- Your task -
Without copying any picture, transcribe exactly the lines of the data below from the one containing "Shop Trussardi Polo Shirts In Pastel Blue" through the one containing "Газовый баллон 5 литров с сумкой чехлом".

═══ Source data

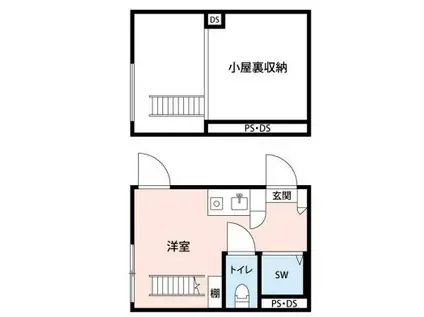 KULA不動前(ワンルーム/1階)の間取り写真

══════
═══ Source data

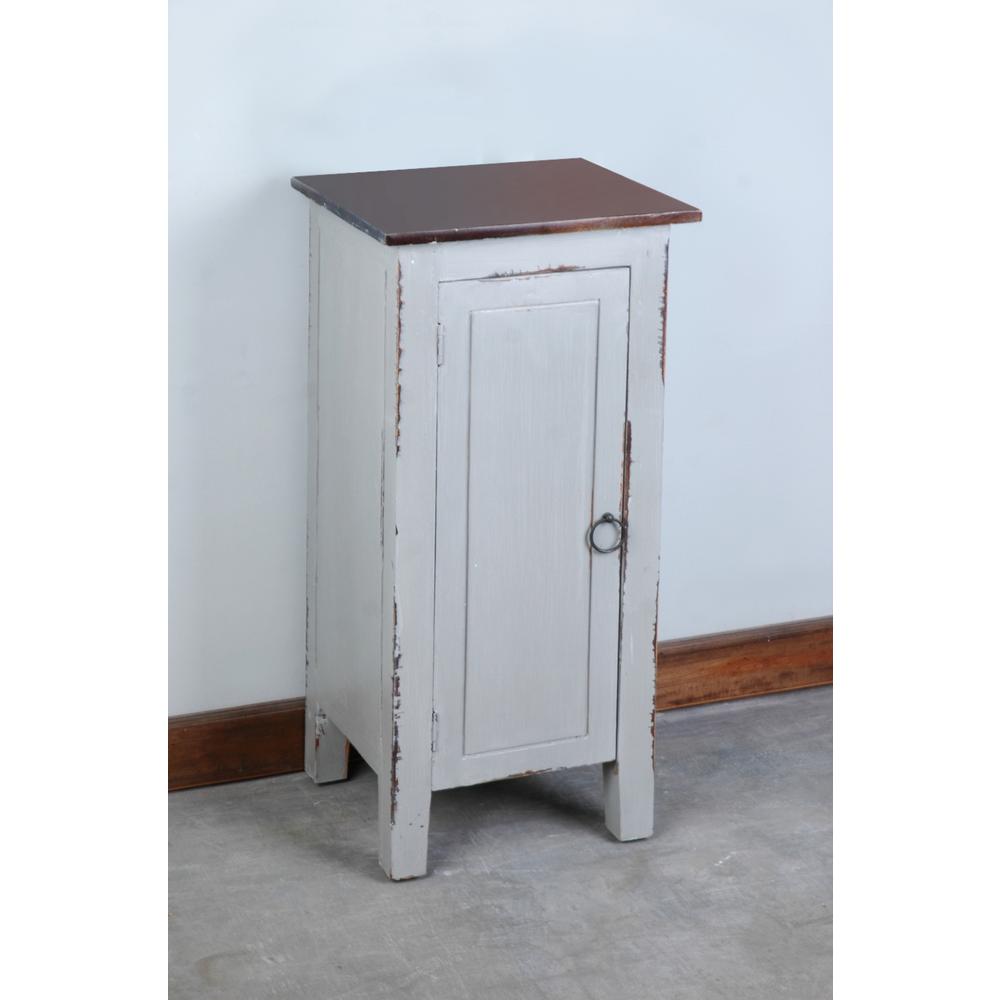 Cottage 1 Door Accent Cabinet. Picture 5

══════
═══ Source data

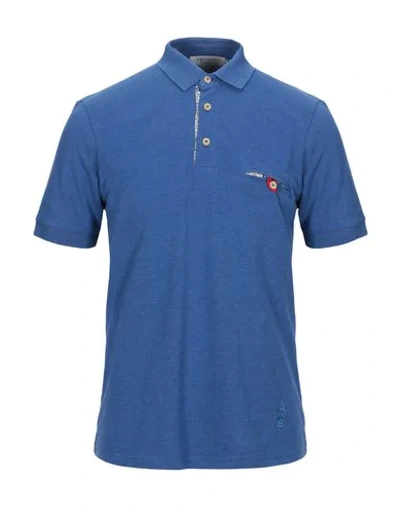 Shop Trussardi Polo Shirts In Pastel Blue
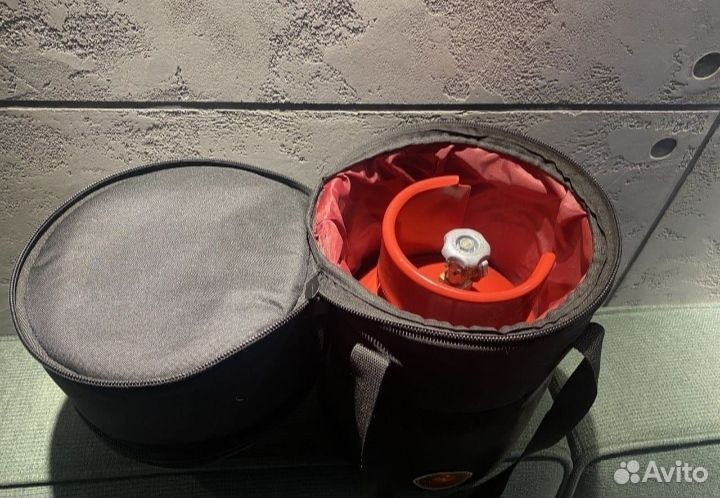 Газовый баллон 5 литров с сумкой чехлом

══════

- Output of the exercise -
 Shop Trussardi Polo Shirts In Pastel Blue
 Газовый баллон 5 литров с сумкой чехлом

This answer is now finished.